- রাত জাগা ফুল
- Directed by: Mir Sabbir
- Written by: Mir Sabbir
- Screenplay by: Mir Sabbir
- Story by: Mir Sabbir
- Produced by: Mir Sabbir
- Starring: Mir Sabbir; Jannatul Ferdous Oishee; Abu Hurayra Tanvir; Fazlur Rahman Babu; Dilara Zaman; Sharmilee Ahmed;
- Music by: Emon Chowdhury
- Production company: Phoolkuri Media Limited
- Release date: 31 December 2021;
- Country: Bangladesh
- Language: Bengali

= Raat Jaga Phool =

Raat Jaga Phool is a 2021 Bangladeshi Bengali-language feature film directed by Mir Sabbir in his directorial debut. The film received a government grant from Bangladesh. For his performance in the film, Mir Sabbir won the Bangladesh National Film Award for Best Actor at the 46th National Film Awards.

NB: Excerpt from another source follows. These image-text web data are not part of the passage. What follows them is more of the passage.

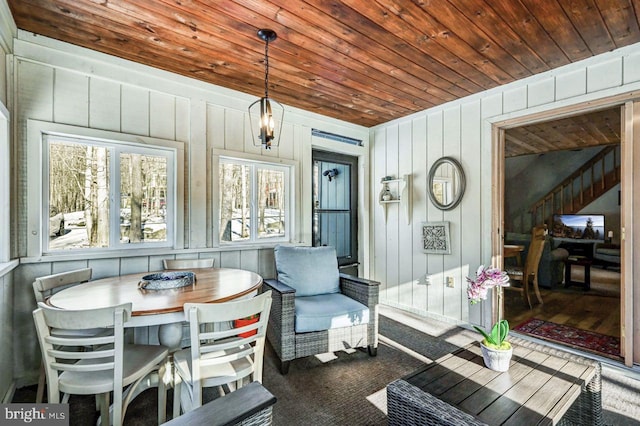 sunroom with wooden ceiling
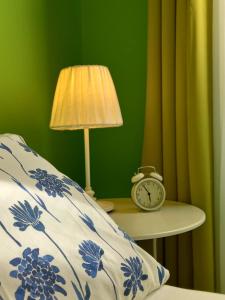 uma cama com um edredão azul e branco e uma mesa com um relógio em B&B Stella Scugnizza em Nápoles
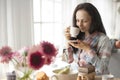 Happy girl with a mug of fragrant coffee in hands. Good breakfast at home in the living room by the window. Free space for text. Royalty Free Stock Photo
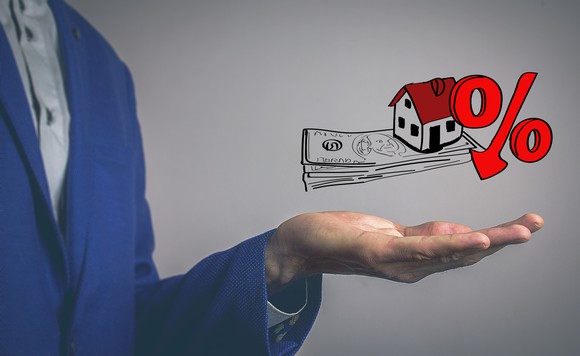 man in business suit holding his hand below an illustration of a house and a percentage symbol sitting on top of a stack of cash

It stars Mir Sabbir, Jannatul Ferdous Oishee, Abu Hurayra Tanvir, and Fazlur Rahman Babu in lead roles. The movie premiered in theaters across Bangladesh on 31 December 2021.

== Plot ==
The story revolves around Rais, a simple village man who possesses a unique ability to communicate with animals and nature. When a murder occurs in his village, a dog witnesses the incident and conveys the details to Rais. As the villagers dismiss Rais's claims as madness, the narrative progresses into a fight for justice, highlighting the coexistence between humans and animals as well as nature's retribution.

== Cast ==

- Mir Sabbir as Rais
- Jannatul Ferdous Oishee
- Abu Hurayra Tanvir
- Fazlur Rahman Babu
- Dilara Zaman
- Sharmilee Ahmed
- Tanin Tanha
- Rashed Mamun Apu
- Joyraj
- Dr. Ezaz
- Naresh Bhuiyan
- Ahsanul Haq Minu

== Production ==
In 2019, the project received a government grant from the Ministry of Information of Bangladesh. Mir Sabbir wrote the story, screenplay, and dialogues for the film, marking his transition from television directing and acting to feature films. The film was produced under his banner Phoolkuri Media Limited.

== Music ==
The music for Raat Jaga Phool was composed by Emon Chowdhury. Indian playback singer Nachiketa Chakraborty rendered a song titled "Din Bodoler Din Shuru" for the film soundtrack. Prominent Bangladeshi folk singer Momotaz Begum voiced the title song "Phote Phool Phote", while Rahul Ananda voiced "Bandor Bondhu".

== Release ==
The film was theatrically released across 28 cinema halls in Bangladesh on 31 December 2021. It was later screened at various film festivals, including the "Amar Bhasha Chalachchitra 1428" festival organized by Dhaka University Film Society (DUFS) on 24 February 2022.

== Accolades ==
Raat Jaga Phool received recognition at the Bangladesh National Film Awards, the most prestigious film awards in Bangladesh.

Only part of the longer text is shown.